Extracted entries Block Start

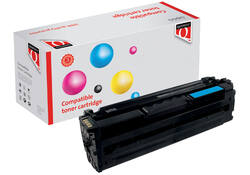 Tonercartridge Quantore alternatief tbv Samsung CLT-C503L/ELS blauw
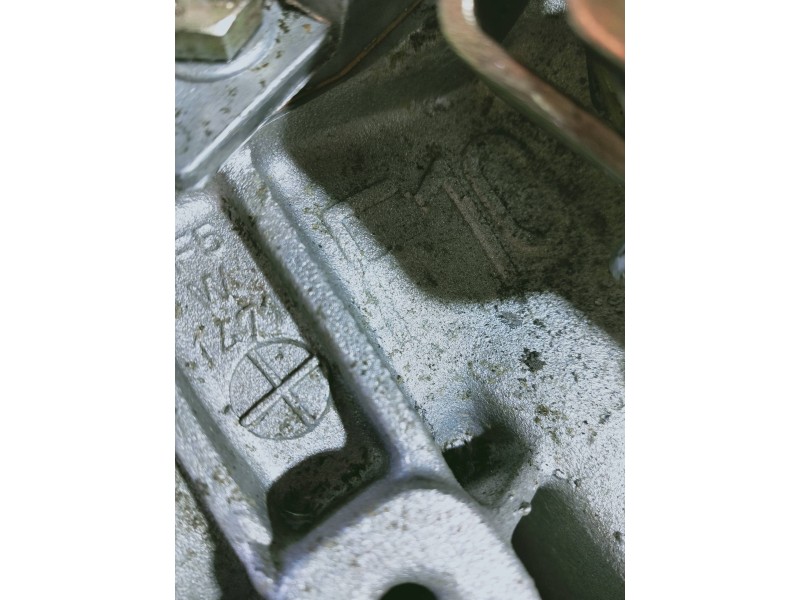 Recambio de caja cambios para opel astra f berlina gl referencia OEM IAM F10C394 12523 C394 5V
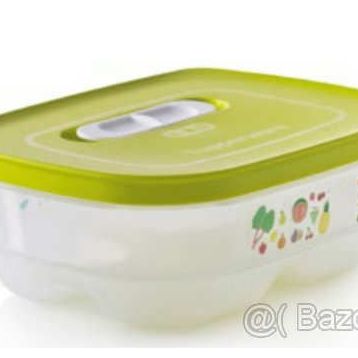 Tupperware Sera 800 ml Buzdolabı Saklama Kabı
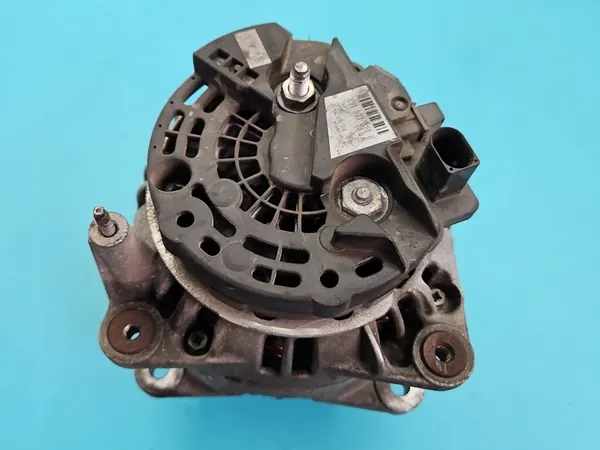 Generaattori Porsche Cayenne I 3.2 V6 OEM 021903026B image 4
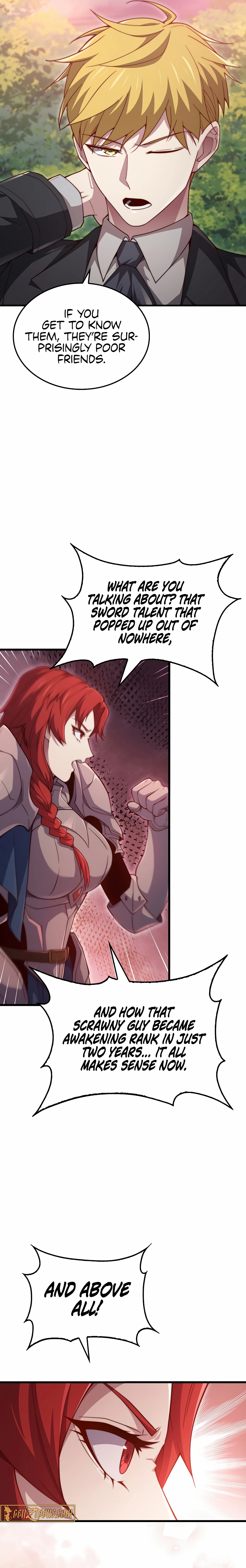 Does the Lord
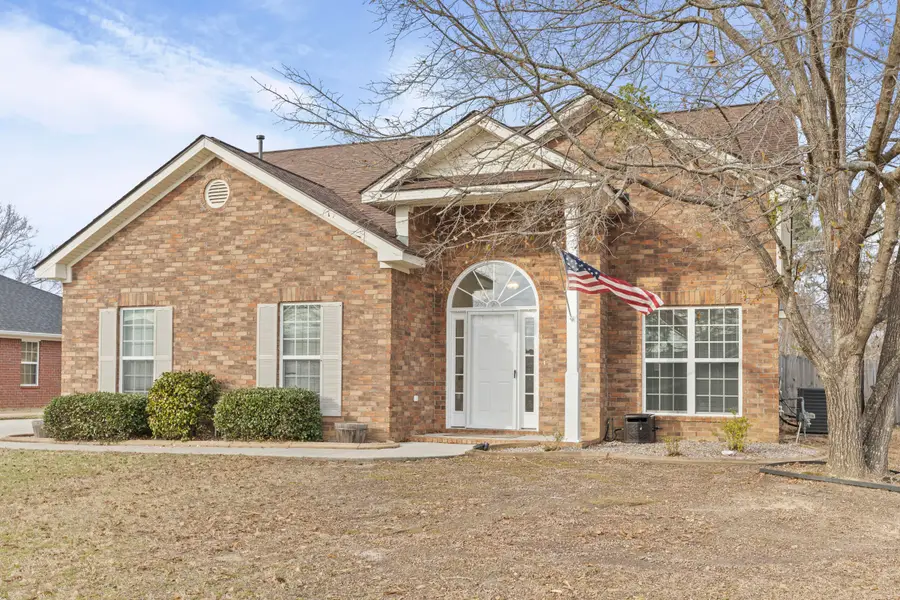 4486 Country Glen Circle, Grovetown, GA 30813 - #3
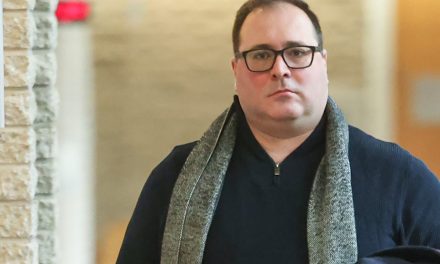 Coupable de voyeurisme sur une femme | Vanté par ses alliés, un ex-leader syndical de la CSN s’en tire avec une absolution
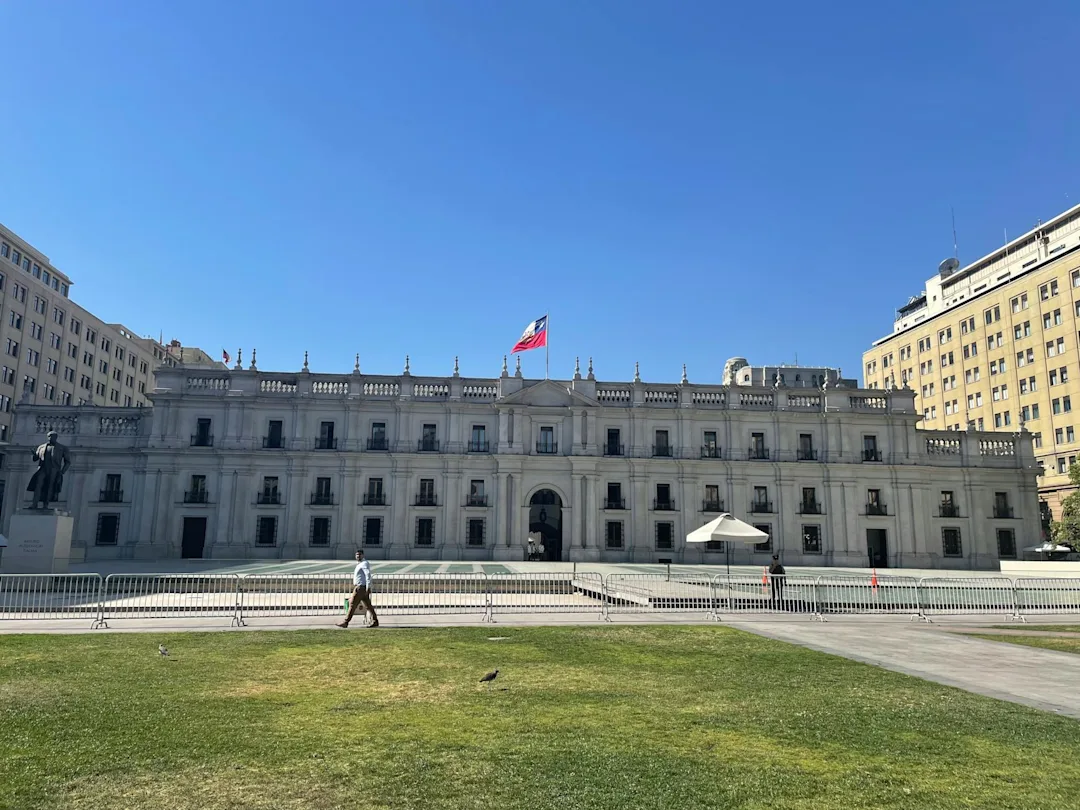 How Much Does It Cost to Register a Trademark in Chile in 2026: Complete Pricing Guide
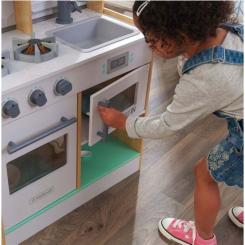 Игровой набор KidKraft Дитяча кухня Let's Cook Фото 10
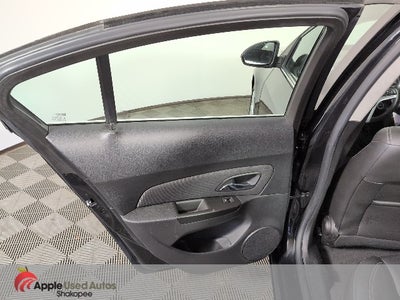 2014 Chevrolet Cruze LTZ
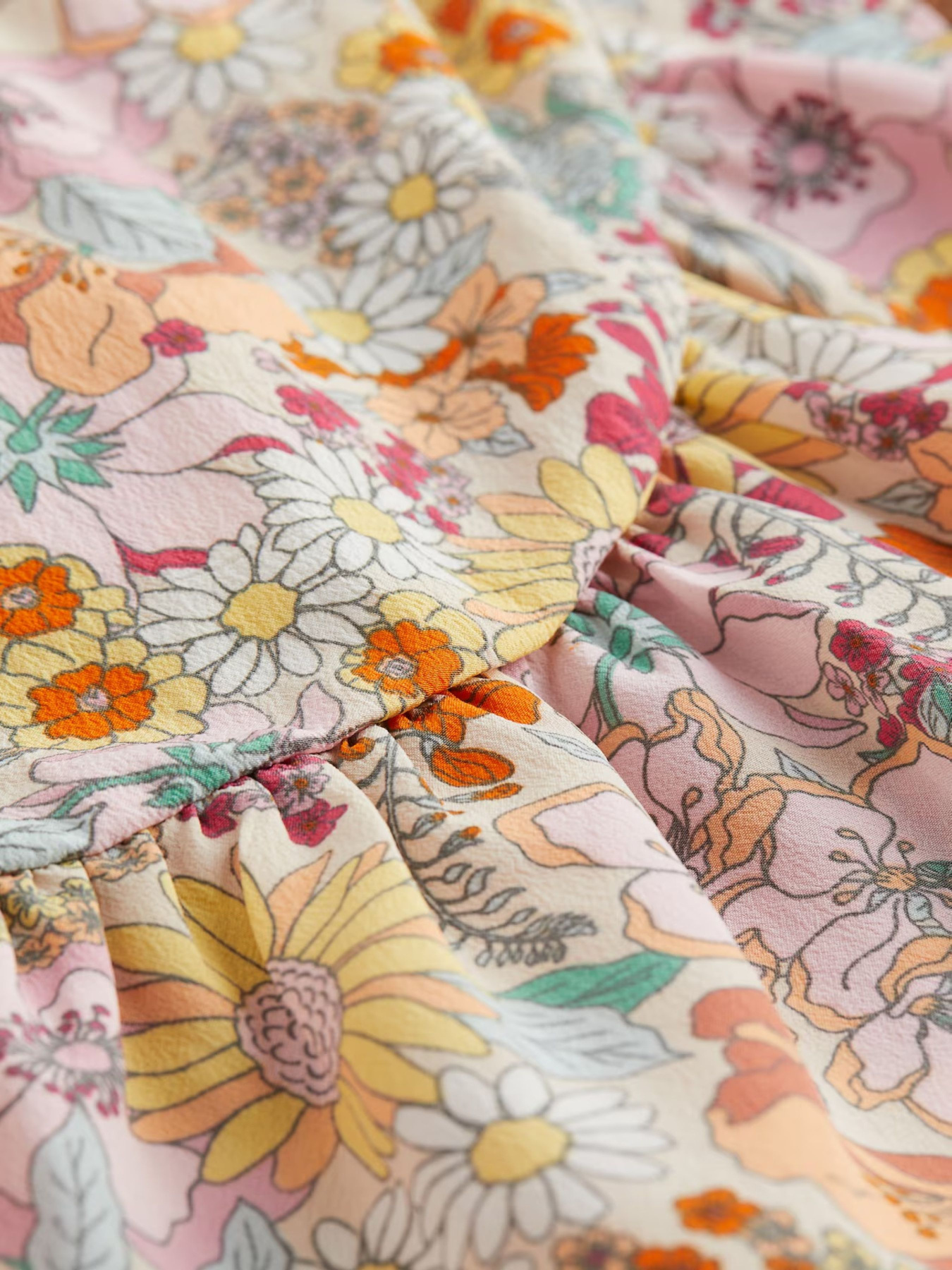 Юбка мини H&M модель 73543 Фото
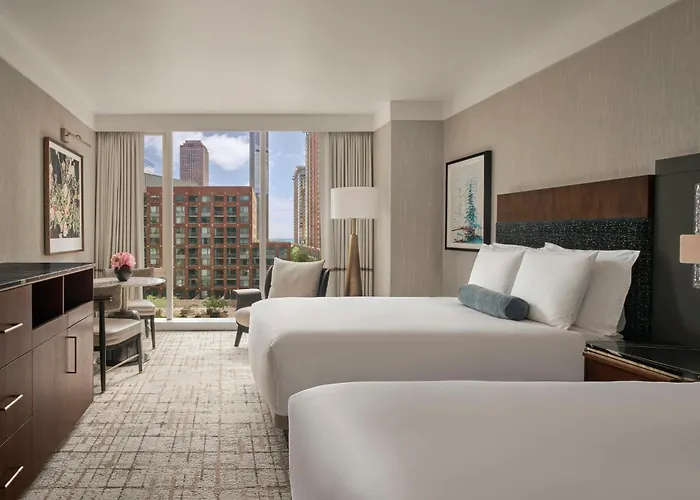 Hotel Loews Chicago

Extracted entries Block End

Write the lines out word for word, starting at the one with "Coupable de voyeurisme" and stopping after the last line of the material above, with pictures excluded.

 Coupable de voyeurisme sur une femme | Vanté par ses alliés, un ex-leader syndical de la CSN s’en tire avec une absolution
 How Much Does It Cost to Register a Trademark in Chile in 2026: Complete Pricing Guide
 Игровой набор KidKraft Дитяча кухня Let's Cook Фото 10
 2014 Chevrolet Cruze LTZ
 Юбка мини H&M модель 73543 Фото
 Hotel Loews Chicago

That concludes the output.